In dieser Kategorie lässt Koenen allerdings kaum einen Aspekt unbearbeitet. Wenn man Koenens Buch durchgeht, “durchlesen” wäre sicher ein zu vermessener Anspruch, bekommt man den Eindruck, der Kommunismus ist überall und zu allen Seiten anwesend. Und etwas scheint das auch die Perspektive des Autors zu sein, der das Phänomen Kommunismus nicht mit Marx und Engels einsetzen lässt oder mit der sowjetischen Revolution 1918 in Russland.

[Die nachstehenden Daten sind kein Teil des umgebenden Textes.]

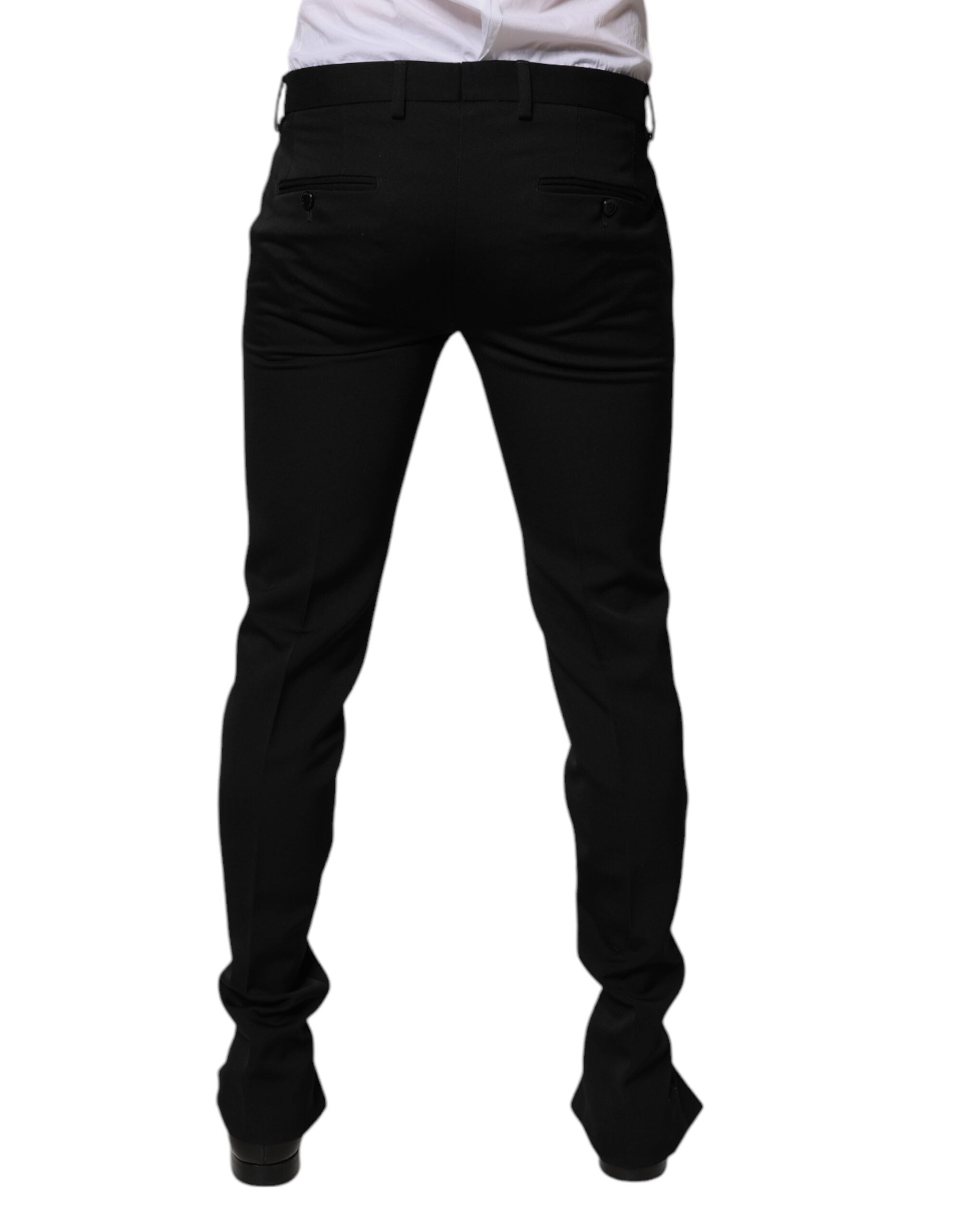 Schwarze, konisch zulaufende Business-Hose aus Wolle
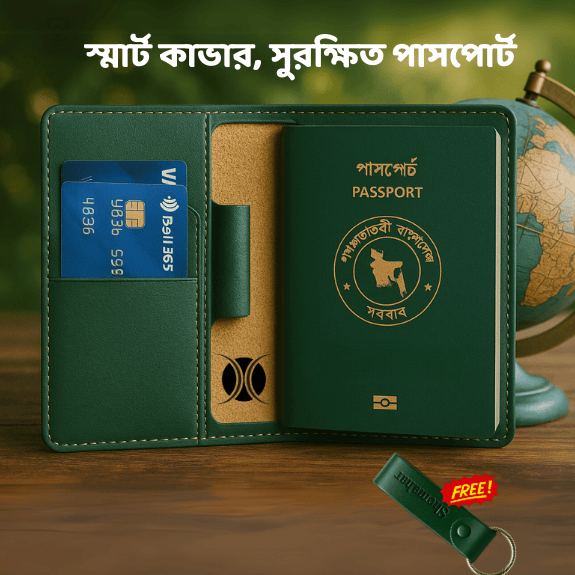 প্রিমিয়াম লেদার পাসপোর্ট কভার - সামনের দৃশ্য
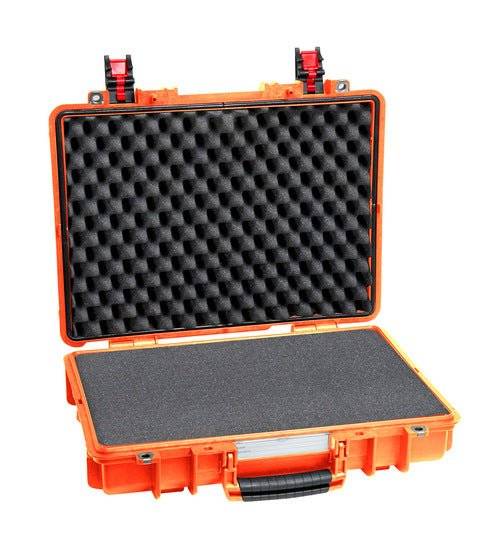 The Explorer 4209HL is an open orange hard plastic waterproof case with black foam padding in the lid and base, corrosion-proof hinges, and two black and red latches at the top.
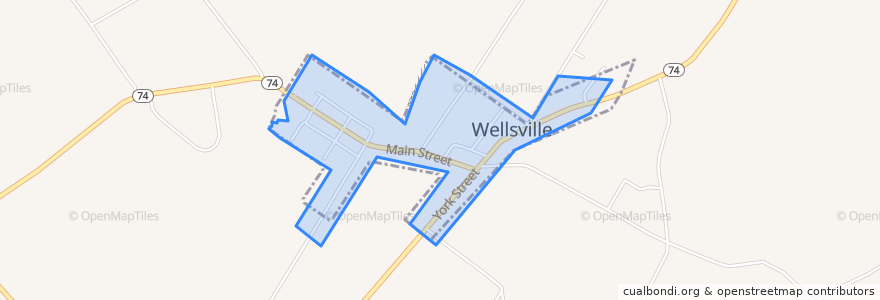 Mapa de ubicacion de Wellsville.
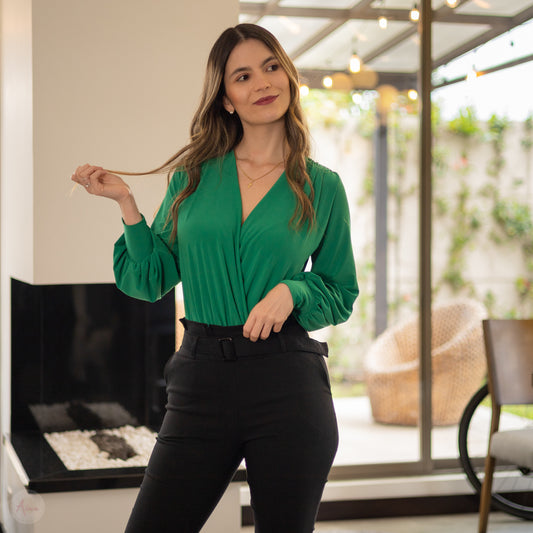 Blusa verde esmeralda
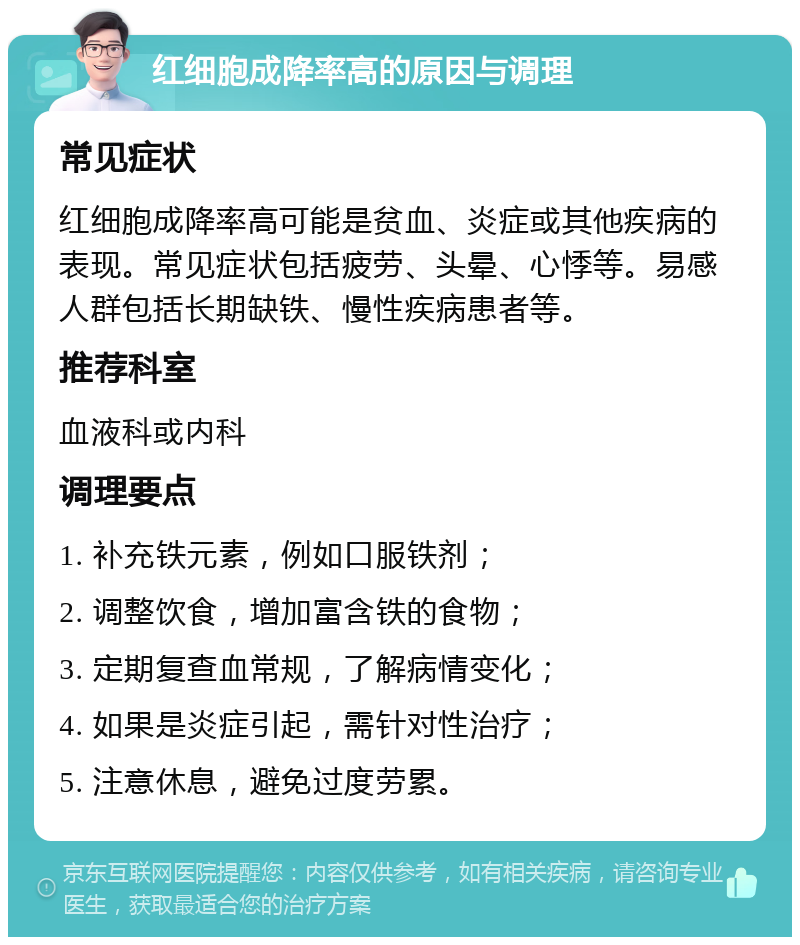 红细胞成降率高的原因与调理 常见症状 红细胞成降率高可能是贫血、炎症或其他疾病的表现。常见症状包括疲劳、头晕、心悸等。易感人群包括长期缺铁、慢性疾病患者等。 推荐科室 血液科或内科 调理要点 1. 补充铁元素，例如口服铁剂； 2. 调整饮食，增加富含铁的食物； 3. 定期复查血常规，了解病情变化； 4. 如果是炎症引起，需针对性治疗； 5. 注意休息，避免过度劳累。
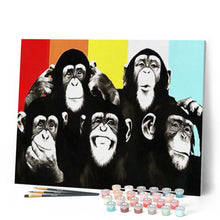 Cargar imagen en el visor de la galería, Pintar Por Números - Los Chimpancés - Figuredart - Animales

Der ganze erste Teil des Buches (von vieren insgesamt) ist der Zeit vor 1848 gewidmet, unter anderem der französischen Revolution und der Utopiengeschichte christlicher und nicht-christlicher Provenienz.
Erst auf den Seiten 300 bis 400 kommen die Autoren des Kommunistischen (endlich!) Manifestes in Spiel. Danach bleibt Koenen auch auf den Untertitel seines Buches fokussiert und nicht verwunderlich bringt das auch die Konzentration auf die Sowjetunion mit sich, die dortige Herrschaftsabfolge von Lenin über Stalin zur Entstalinisierung; das Entstehen der sowjetischen Satellitenstaaten in Osteuropa; der Zusammenbruch der Sowjetunion und natürlich ein intensiver Blick auf das kommunistische China.
Zu einem solchen Werk gehört Mut und ein langer Atem, dazu kann man Koenen gratulieren. Auch, dass er sich entschlossen hat, mit seinem Buch mehr zu liefern als nur eine enggeführte Kommunismus-Geschichte, sondern den Kommunismus auch immer in breitere historische Perspektiven zu stellen. Wer sich diesen über 1000 Seiten als LeserIn “stellen” will (diese Formulierung ist angesichts des Umfangs sicherlich keine übertriebene Formulierung) wird von Fall zu Fall entscheiden, welche historischen Abschnitte in der Kommunismus-Geschichte ihr/ihn besonders interessieren. Leider macht es uns der Autor dabei mit seinen eher blumenreichen, manchmal auch etwas kryptischen Überschriften nicht leicht. Auch wäre mehr Ausleuchten der Gegenwart wünschenswert gewesen; ebenso eine Vertiefung des digitalen Finanzkapitalismus, den Koenen zwar auf einer Seite erwähnt, ihn dann aber doch nicht in eine kommunistisch-analytische Perspektive hineinstellt. Diese Verdünnung bei der Beschreibung der Gegenwart wird aber durch den höchst einprägsamen Epilog des Autors ausgeglichen, wo Koenen in eindrucksvoller Weise über die Entstehung des Buches schreibt und wie dessen Thema mit seiner eigenen Biografie verknüpft ist. In früherer Diktion formuliert haben wir hier “ein Lebenswerk”, vor uns dessen Ausführlichkeit und Intensität für jeden einen Gewinn darstellt, der sich durch den Seitenumfang nicht abschrecken lässt.